Churn trendNP slope ($/mo)n
T1 churn going down+$27463
T2 stable+$7063
T3 churn going up−$12363
Gap: $397/month NP between extremes
Cross-sectional was r=−0.13 (weak, killed by FE). Within-practice r=−0.18. The signal lives in WITHIN-practice change, not cross-practice level.
Updated confidence — three tiles

T14 confirmation: Cross-section + FE killed it (p=0.083). Within-practice rescued it (+$826/mo gap). Back to High operational confidence.

T15 risk-NC: Already survived FE. Holds at High.

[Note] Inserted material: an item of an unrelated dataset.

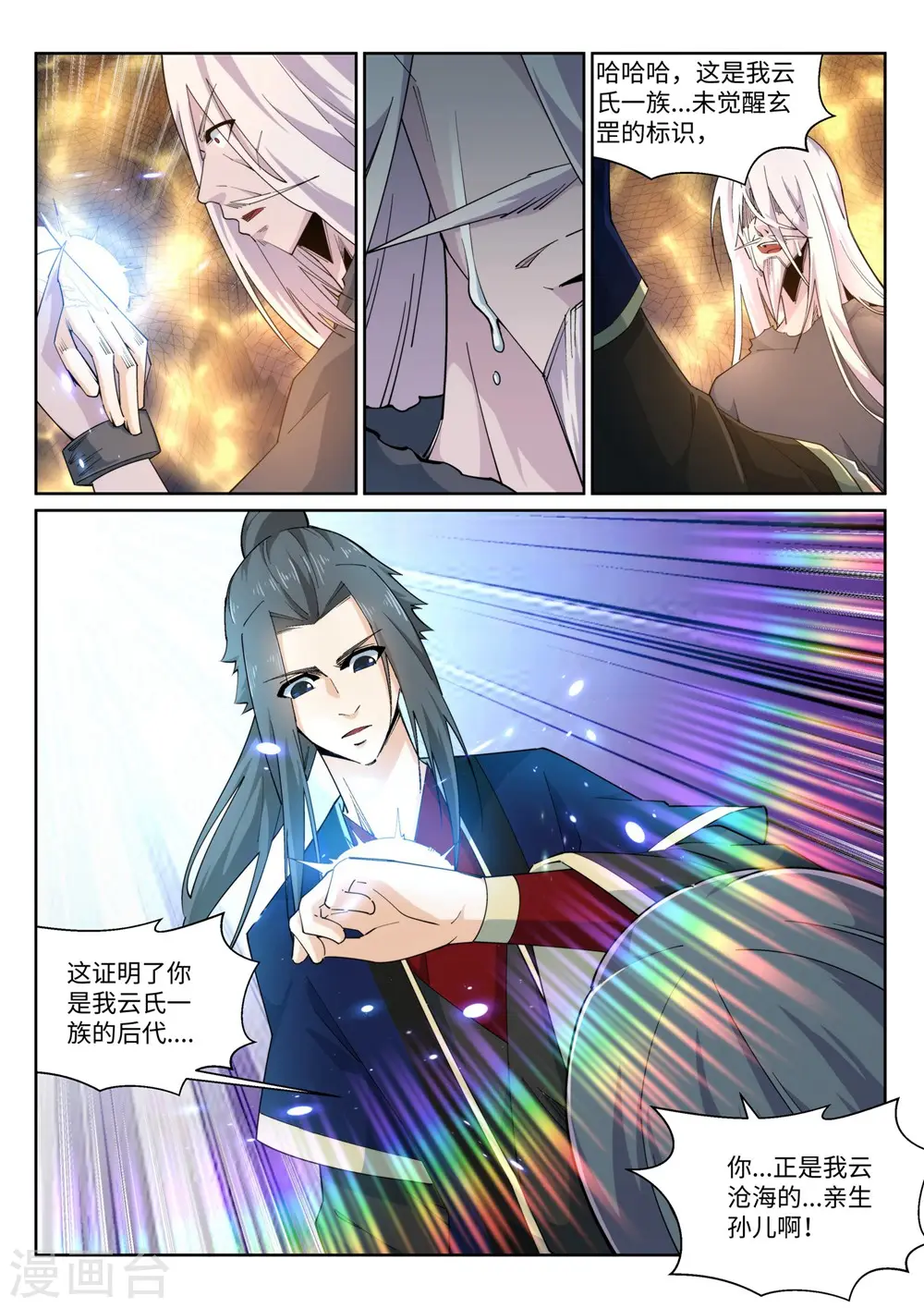 第168话 血亲9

T13 composite churn: Cross-section weak, FE null, BUT within-practice r=−0.18 with $397/mo gap. Elevates from Low to Medium. Composite is fine as a within-practice trend tile, not as a cross-practice ranking tile.

Finding 7 · Decision
What we change in Daybreak this week.
From one tile to three — each with the right job
T13 (reframe)  ·  T14 (new)  ·  T15 (new)
One tile can't carry "rework flag," "growth lever," and "patient-mix marker" all at once. Split them so each lights up the right team with the right ask.

Moves

MoveWhyConfidence
Ship T13 Patient Appointment Churn as-is — but reframeOperational rework-flag, not the growth lever. Update validation_status copy in catalog.yaml.High
Add T14 Confirmation Discipline tileThe actual front-desk lever per Quant A. Bands: ≥90% great · 80-90% good · 70-80% warn · <70% critical.Medium
Add T15 Risk-Patient Non-Completion — active OM tileOperational protocol when risk-NC patient is on today's schedule: park-list standby, wave double-book, hyper-confirm chain, pre-collect for cash. Don't quote dollar-recovery, just protect the chair.High
Drop the $280/visit rate-card in the threshold formulaReplace with Codex's defensible floor: excess × saps × $24/hr × 0.25hr × 2. Full model in drill rail as upper bound.High
Front-office FTE NOT in any thresholdDirection-of-causation unresolved; labor coverage only 56 practices.High
No FO headcount cuts until churn protocol stabilizesCurrent FO load is real (rework absorbed by people). Cut first = burnout + turnover + culture damage. Sequence: protocol fix → load declines → revisit staffing model.High
Finding 8 · What's Next
Five validations we need before "exploratory" becomes "validated."
Honest open work
5 validations, ranked by leverage
The big surviving claim — confirmation rate predicts growth — is statistically the strongest thing we found. But it's cross-sectional and brand-confounded. These five tests resolve the open questions before we promote any tile from exploratory to validated.
Open validation queue
  1. Confirm risk_notcomp_dollars time window with the PBI dataset owner. If it's not 90-day, the $51.7M annualization is wrong by definition. (Highest leverage — unlocks the dollar-magnitude story.)
  2. Within-practice longitudinal test: does confirmation_pct change in month N predict growth change in month N+12 inside the same practice? Resolves reverse-causation for the T14 lever.
  3. Brand / PMS / payor fixed-effects regression on confirmed_pct → growth and risk_notcomp_rate → growth. The cross-sectional signal could be brand-confounded; this rules it out.
  4. Out-of-sample replication of confirmed_pct → growth on a separate trailing window (e.g., prior 365d). Required before T14 promotes from exploratory to active.
  5. Labor coverage expansion beyond Accelerate brand — extend punches to Parks Pace / SGA East so the FO-staffing-direction claim has n>100. (Currently n=43, exploratory only.)
The honest summary

We built a tile yesterday based on a real signal. The deep dive shows the signal is real but smaller, in a different place than we thought, and entangled with two other independent failure modes.

The fix is to ship three tiles, not one — and to publish a defensible $5.9M floor instead of a $73.7M ceiling we can't yet defend. Everything else queues into the validation list above.